Looks good.  I look forward to your taste test.  How long is this one supposed to age?
Hi Karen.  :)

Following the link's direction, I believe this will be:
"Curado is a semi-firm cheese aged for three to six months with a sweet and nutty flavor. It melts well and is often used in quesadillas."

I find that a lot of the hard cheeses and semi-hard cheeses I've made appeal to me more when they are around the 6 month age. They've developed pretty decent flavor, the texture is sliceable and flexible, and the overall compatibility with my tastebuds is maximized.  8)

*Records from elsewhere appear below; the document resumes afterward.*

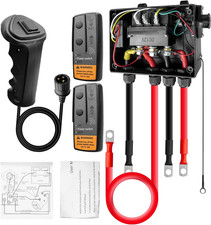 Pre-wired Winch Control Box Kit 12v 500a Winch Solenoid Contactor Relay Wirel Pre-wired Winch Control Box Kit 12v 500a Winch Solenoid Contactor Relay Wirel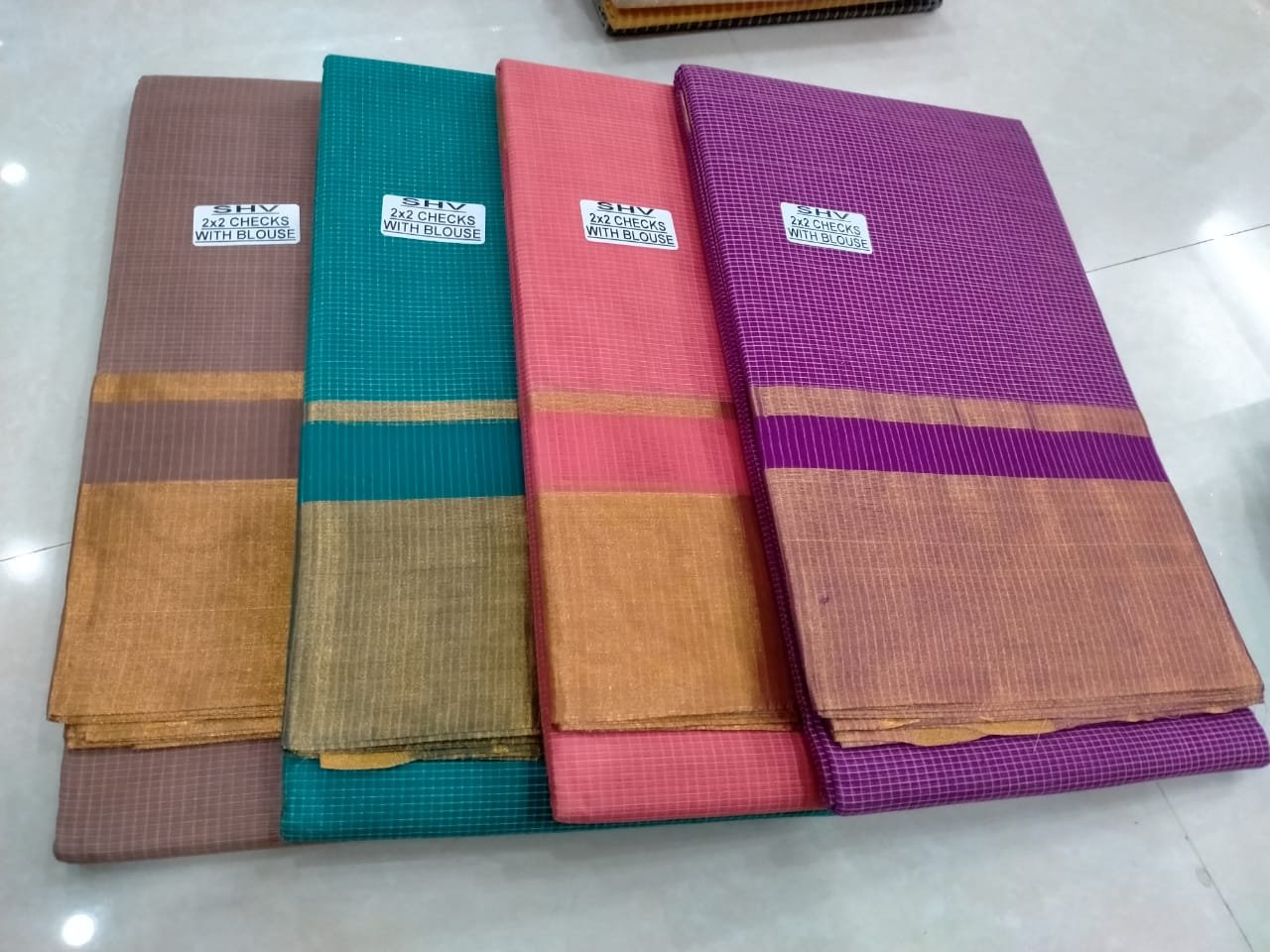 ELC Handloom cotton Saree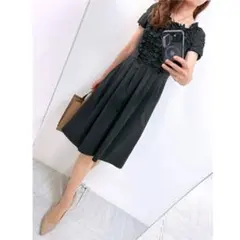 【美品✨】定価50,000円❤️DUAL VIEWデュアルヴュー✨フリルワンピースのサムネイル
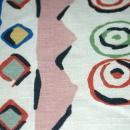 Festive Lined Fabric Drapery Panel or Table Cloth 98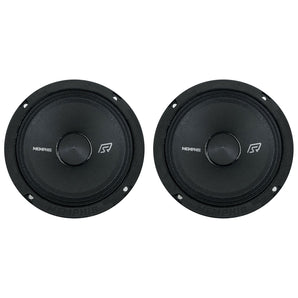 (2) Memphis Audio SRXP62 V2 SRX 6.5" 250w Midrange Car Speakers w/LED Mid-Bass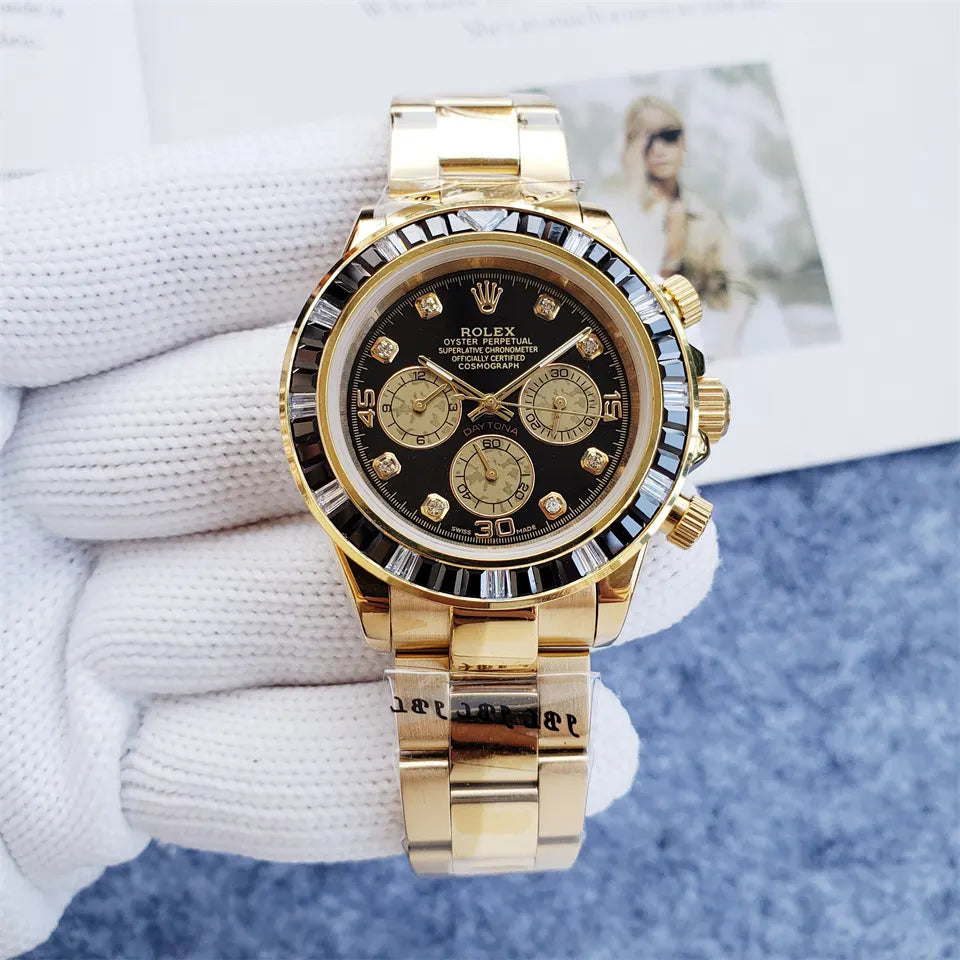 bezel Rolex Daytona Gold Diamond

I too am curious about how this one turns out.  I've a couple of quite aged wheels where I used more lipase than I would now.  They make excellent grating cheeses, but that means they last a long time.  I'm thinking about trying a make with much reduced lipase, but haven't decided on how big of a reduction.  I've used 1/4 tsp in 10 L makes for the grating cheeses, so I was thinking of cutting this down to 1/16th, but I see you've gone even further.

- Jeff
It has been quite some time since I have attempted a lipase-dosed cheese. The Manchegos I made were over-the-top and generally not very easy to eat as a table cheese. This is contrary to what a commercial Manchego tastes like, which is easy on the tastebuds. That was the main reason for me not attempting such a cheese for so long. I don't have a lot of desire to make a cheese that is hard to eat.  :P

I hope with this make that I have found a compromise with the need for the lipase but limiting its profile so that it is more easily accommodated on the palate.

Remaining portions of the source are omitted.